Image-text web data
·····
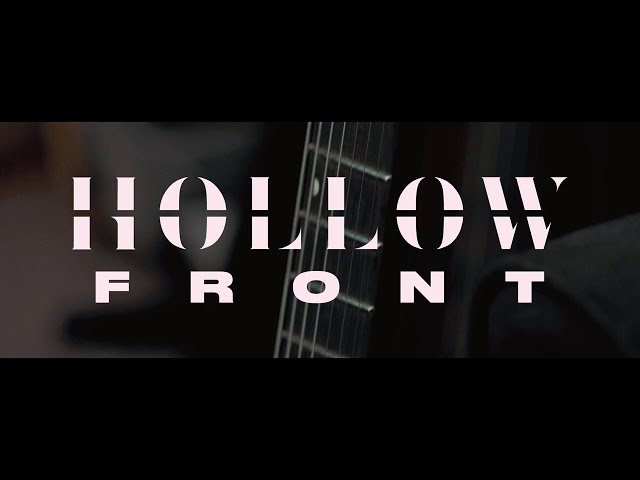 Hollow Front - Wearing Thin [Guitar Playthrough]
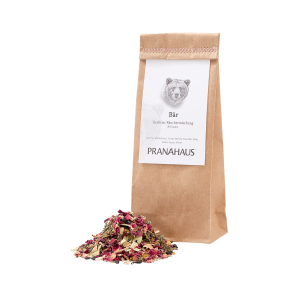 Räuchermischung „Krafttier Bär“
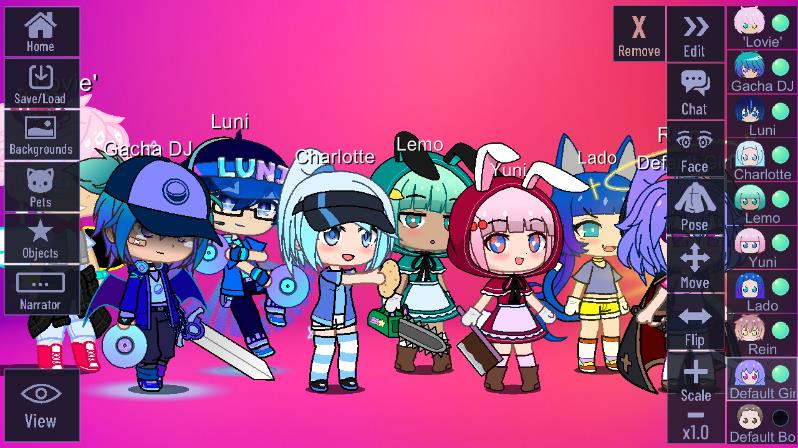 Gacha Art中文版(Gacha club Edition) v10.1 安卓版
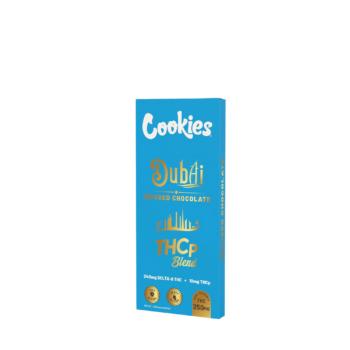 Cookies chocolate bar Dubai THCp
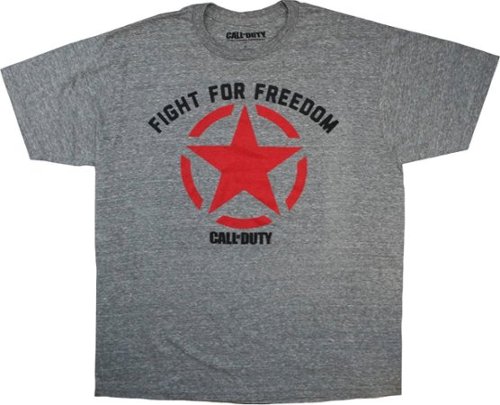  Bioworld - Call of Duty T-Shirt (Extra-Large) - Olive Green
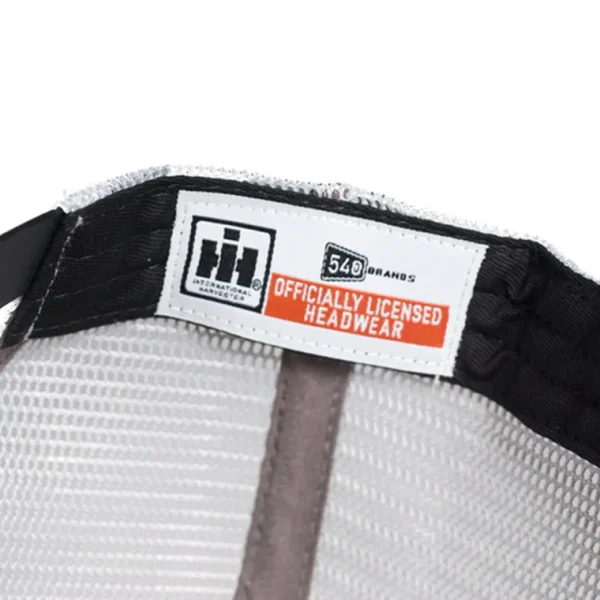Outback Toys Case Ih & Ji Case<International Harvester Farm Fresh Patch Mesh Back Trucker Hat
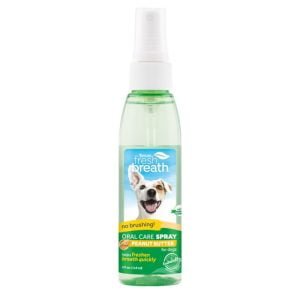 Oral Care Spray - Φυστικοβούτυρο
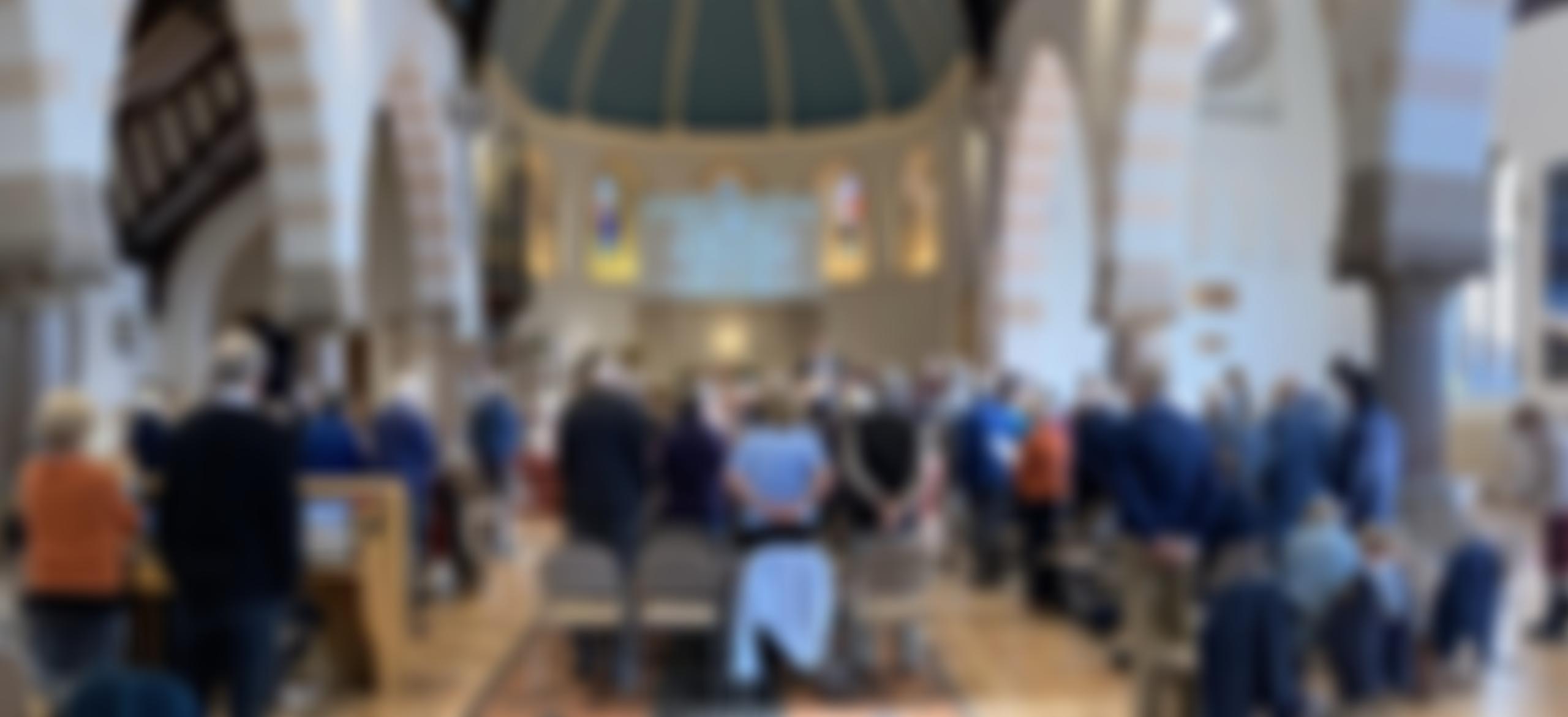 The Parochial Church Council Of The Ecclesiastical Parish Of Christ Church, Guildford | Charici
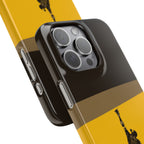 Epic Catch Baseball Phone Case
·····
Only the pictures may be dropped; print every record exactly as given.

→ **Exercise solution**:
 Hollow Front - Wearing Thin [Guitar Playthrough]
 Räuchermischung „Krafttier Bär“
 Gacha Art中文版(Gacha club Edition) v10.1 安卓版
 Cookies chocolate bar Dubai THCp
  Bioworld - Call of Duty T-Shirt (Extra-Large) - Olive Green
Outback Toys Case Ih & Ji Case<International Harvester Farm Fresh Patch Mesh Back Trucker Hat
 Oral Care Spray - Φυστικοβούτυρο
 The Parochial Church Council Of The Ecclesiastical Parish Of Christ Church, Guildford | Charici
 Epic Catch Baseball Phone Case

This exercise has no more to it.